TRY IT: Find "Custom moq 5" in the material below, then write out that line and every line after it exactly, ending with the last one; skip the pictures.

MATERIAL PROVIDED:
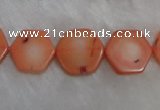 CCB85 15.5 inches 13mm hexagon pink coral beads Wholesale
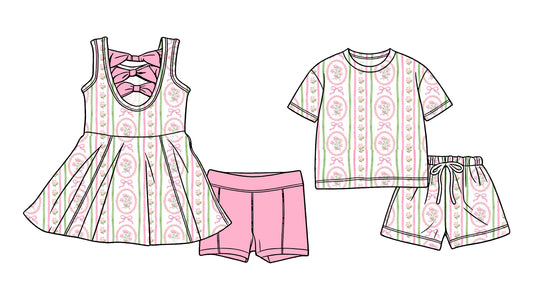 Custom moq 5 mix size Sibling Baby Girl pink Sleeveless Yoga Dress And Shorts Outfit Short Sleeved Top And Shorts Set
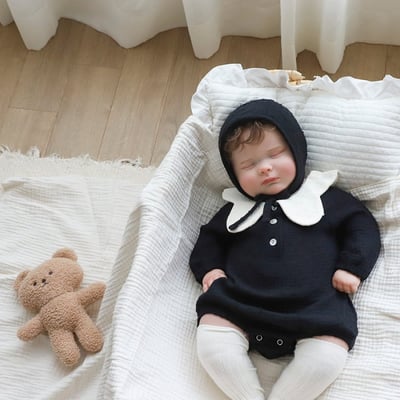 LEMONADE02｜(55cm-85cm) 2色花瓣領包屁衣含帽子15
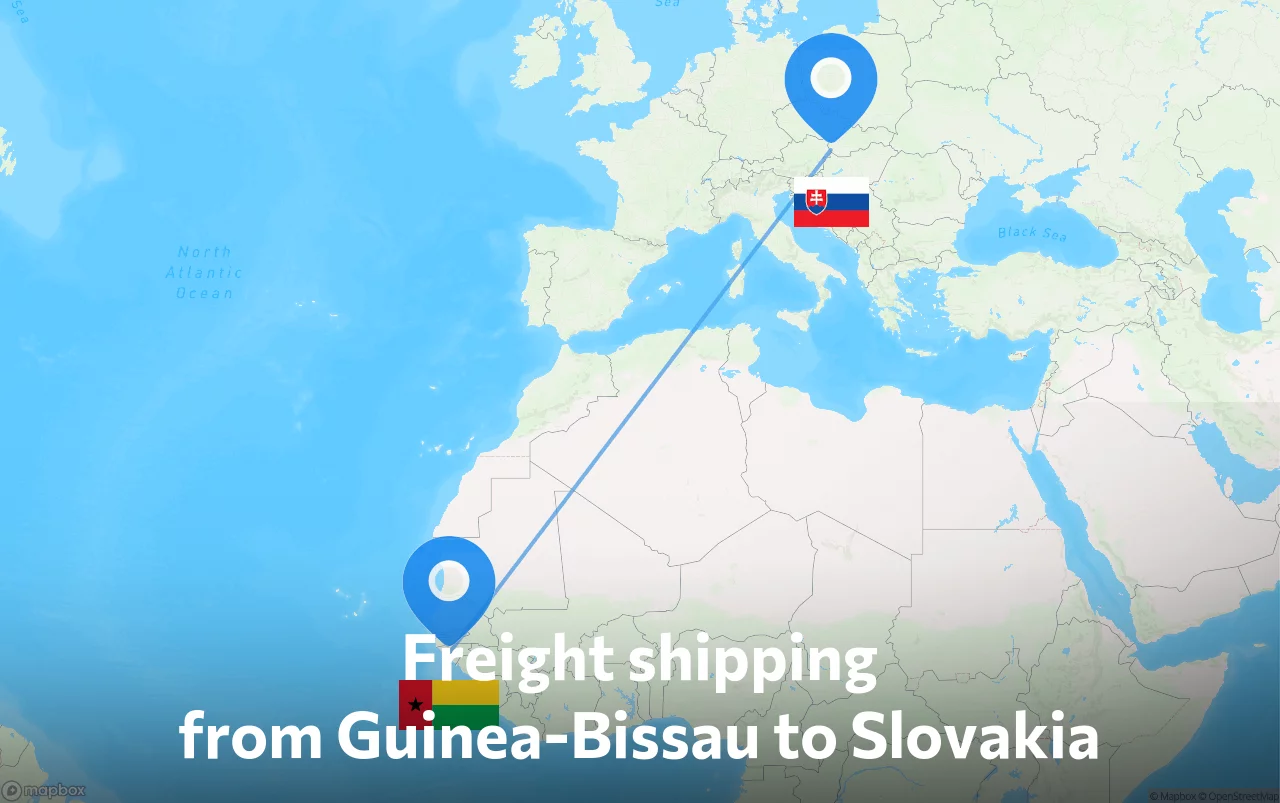 Shipping route from Guinea-Bissau to Slovakia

YOUR SOLUTION:
 Custom moq 5 mix size Sibling Baby Girl pink Sleeveless Yoga Dress And Shorts Outfit Short Sleeved Top And Shorts Set
 LEMONADE02｜(55cm-85cm) 2色花瓣領包屁衣含帽子15
 Shipping route from Guinea-Bissau to Slovakia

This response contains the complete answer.